Plan to protect Wellington's Cuba St

11:28 am on 31 October 2014

Wellington's famous Cuba Street is at a crossroads as property owners work out the best way to protect their buildings against earthquakes.

Cuba Mall on Cuba Street, including the street's iconic bucket fountain

Cuba Mall on Cuba Street, including the street's iconic bucket fountain Photo: PHOTO NZ

It has spurred 140 architecture students to put together a plan to save the cultural centre, which they say could also help to preserve old buildings around the country.

Wellington has long been bracing itself for a big quake. If one does hit, the city's oldest buildings - like many of those on Cuba Street - could be the worst affected.

Victoria University students have been working with Wellington City Council and Heritage New Zealand on a plan to keep the street's character while bringing it up to earthquake code.

One of those students, Ben Allnatt, said it was a difficult feat given the scale of the problem.

"It's almost all of the building stock on Cuba Street, and even if it's a new building, it's probably implicated by something that's failing seismically next door."

Upper part of old (1903) building in Lower Cuba Street

Upper part of old (1903) building in Lower Cuba Street Photo: PHOTO NZ

Cuba Street 'pretty much like High Street of Christchurch'

The buildings, many built early last century, were divided among the students, who went through each property and looked at how it could be strengthened to meet new earthquake standards.

Another student, Jayne Kerstin, said preserving Cuba Street's distinctive character was a big part of the challenge.

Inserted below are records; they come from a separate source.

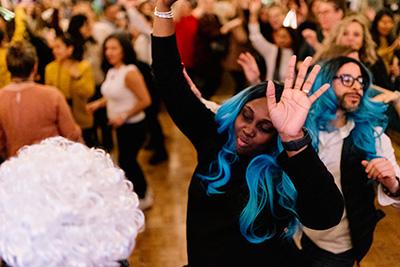 People in fun wigs dancing at a party.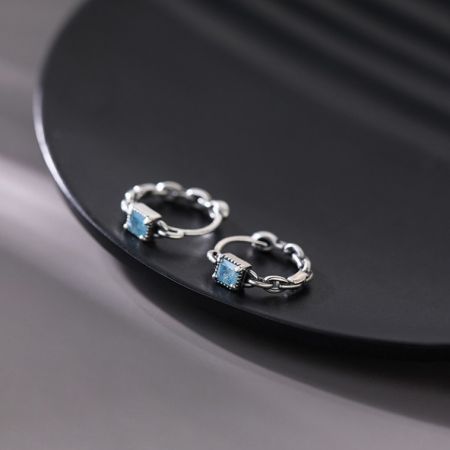 Orecchini a perno geometrici a cubo di menta in argento sterling 925 - Un paio di orecchini a perno geometrici a cubo di menta in argento sterling 925 con gemme di zirconia cubica blu scintillanti su uno sfondo bianco.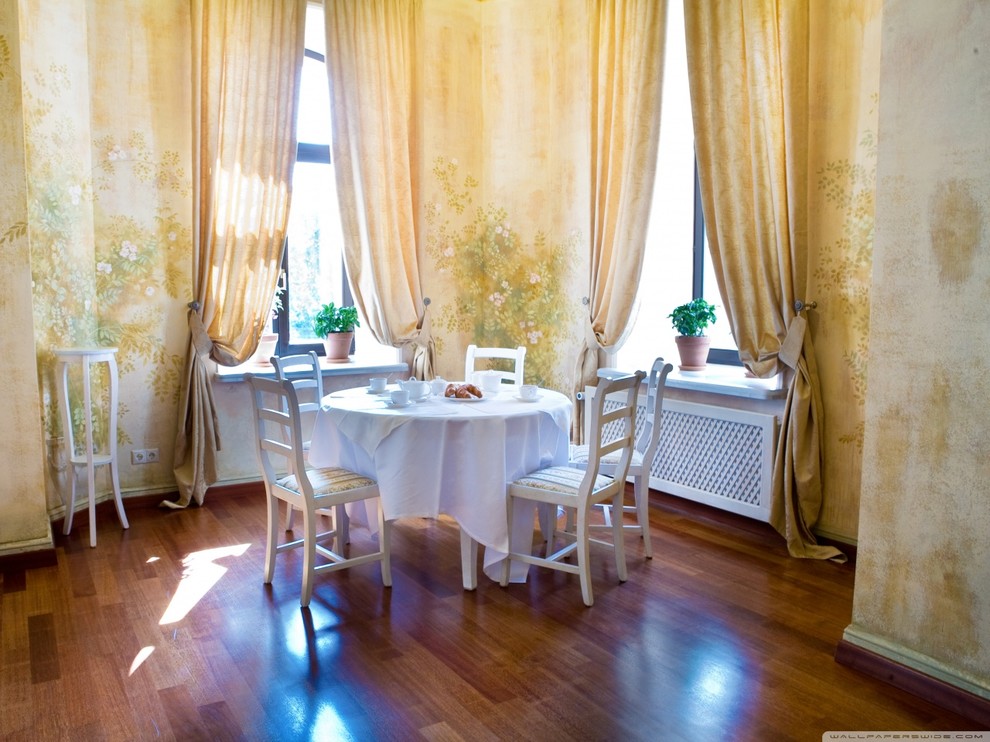 Photo of a mid-sized dining room in Miami with yellow walls, medium hardwood floors, no fireplace and a wood fireplace surround.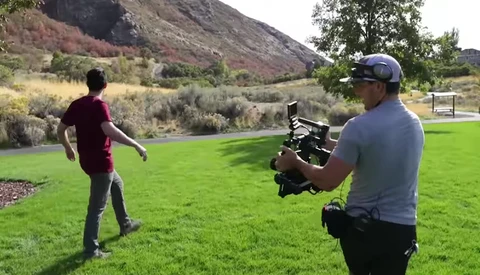 Cameraman operating a handheld cinema camera while filming a person in an open field with mountains and trees in the background.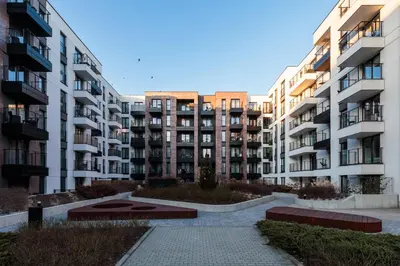 a view of an apartment complex with buildings at City of the Kings-Milford Sound in Kraków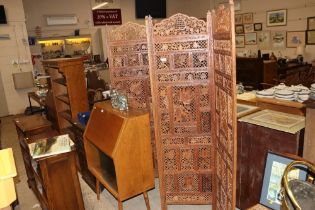 A carved four fold screen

"It's got a definite character - the kind of grunge aesthetic which is quite charming in itself," she said.

"Definitely it's something that you don't want to change and take away from it in future development."

Victoria University senior architecture lecturer Mark Southcombe said the project was started after a trip to Christchurch.

"We could see that Cuba Street was pretty much like High Street of Christchurch, and we imagined that a similar quake to the Christchurch quakes here might have similar effects and loss of life."

The Wellington Company has a stake in about a dozen properties in and around Cuba Street.

Managing director Ian Cassels said the bill to do the earthquake strengthening could easily slip into the millions, and that put owners in a tough spot.

"If you try and renovate a heritage building you will be spending $4000 a metre if you're lucky. If you build a similar building new, it's $3000 a metre."

Heritage New Zealand's chief executive Bruce Chapman said Cuba Street had its fair share of protected places and was an ideal trial ground for the project.

"Cuba Street is a listed historic area and it also has some significant individual heritage buildings within it," he said.

Mr Chapman said some owners had already taken the students' advice on board and he expected the plan would bring about about similar projects in other earthquake-prone places.